Except for the pictures, output the records in full and exactly.
DATASET CONTENT: Begin
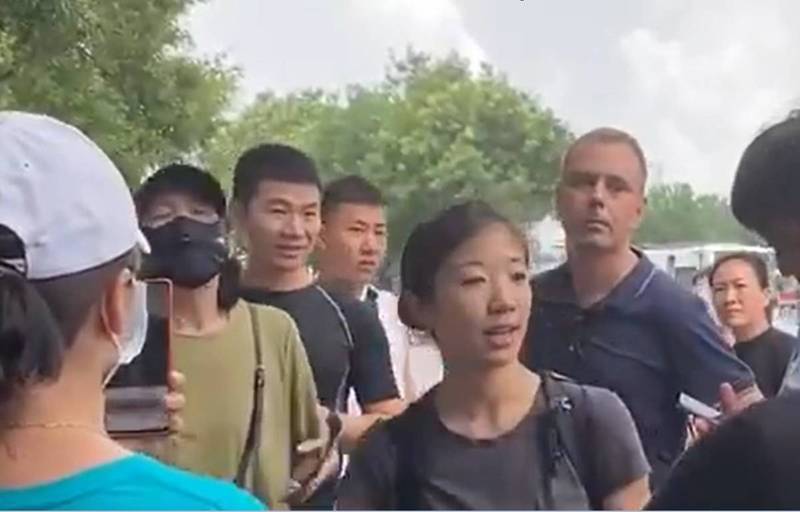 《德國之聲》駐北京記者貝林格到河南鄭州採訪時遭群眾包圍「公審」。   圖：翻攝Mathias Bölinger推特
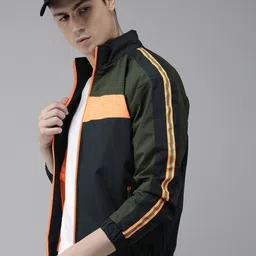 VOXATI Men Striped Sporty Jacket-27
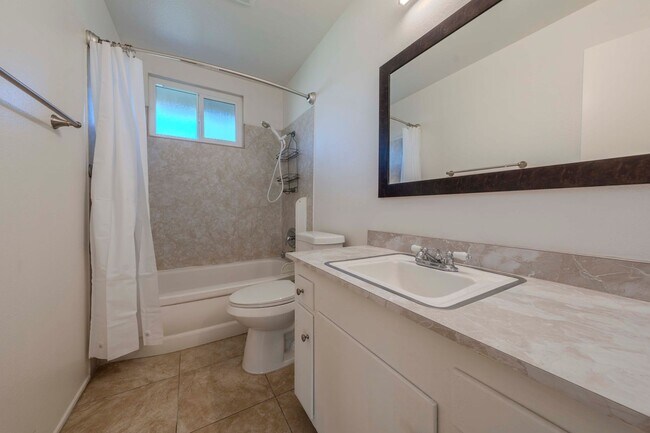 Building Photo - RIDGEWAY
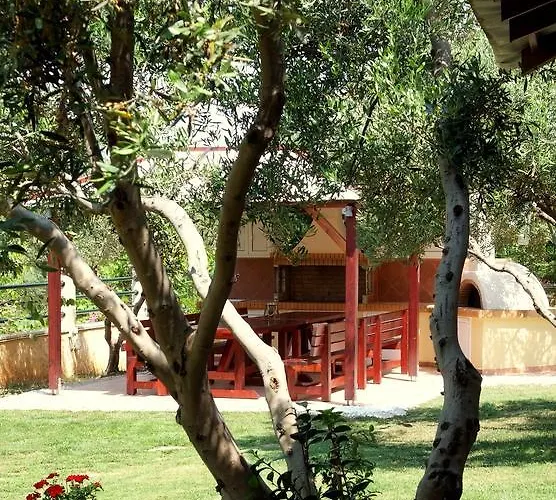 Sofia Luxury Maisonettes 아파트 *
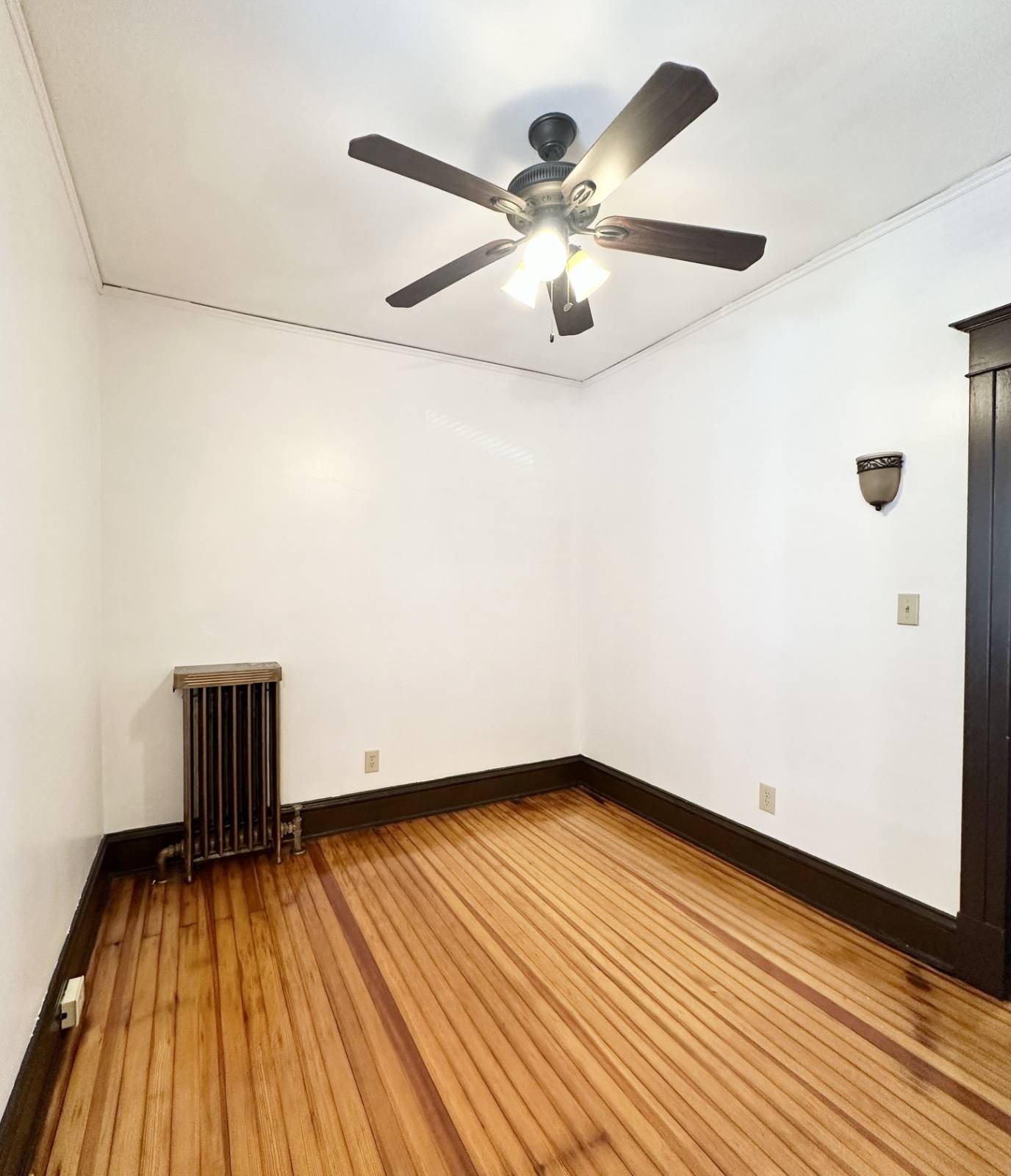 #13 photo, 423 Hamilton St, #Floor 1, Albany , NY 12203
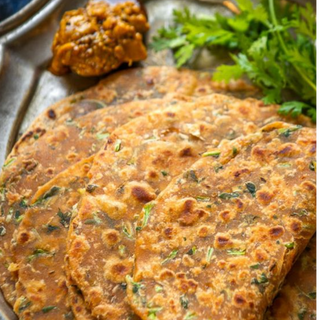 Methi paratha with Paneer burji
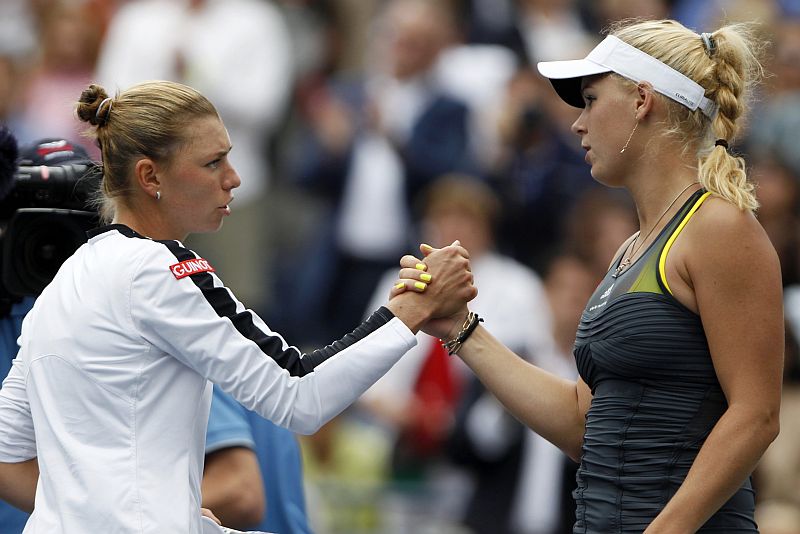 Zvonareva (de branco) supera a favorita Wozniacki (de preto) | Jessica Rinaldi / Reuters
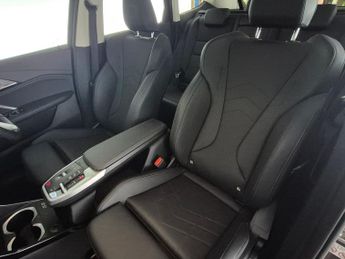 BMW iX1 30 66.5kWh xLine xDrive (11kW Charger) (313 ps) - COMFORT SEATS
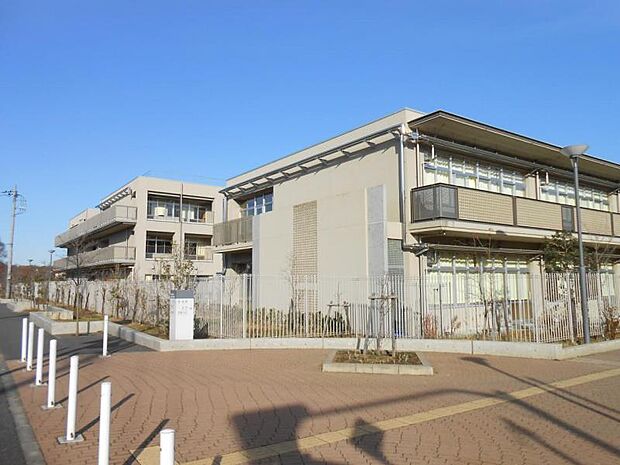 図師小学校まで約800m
DATASET CONTENT: End
### SOLUTION FOR THIS PROBLEM
 《德國之聲》駐北京記者貝林格到河南鄭州採訪時遭群眾包圍「公審」。   圖：翻攝Mathias Bölinger推特
 VOXATI Men Striped Sporty Jacket-27
 Building Photo - RIDGEWAY
 Sofia Luxury Maisonettes 아파트 *
 #13 photo, 423 Hamilton St, #Floor 1, Albany , NY 12203
 Methi paratha with Paneer burji
 Zvonareva (de branco) supera a favorita Wozniacki (de preto) | Jessica Rinaldi / Reuters
 BMW iX1 30 66.5kWh xLine xDrive (11kW Charger) (313 ps) - COMFORT SEATS
 図師小学校まで約800m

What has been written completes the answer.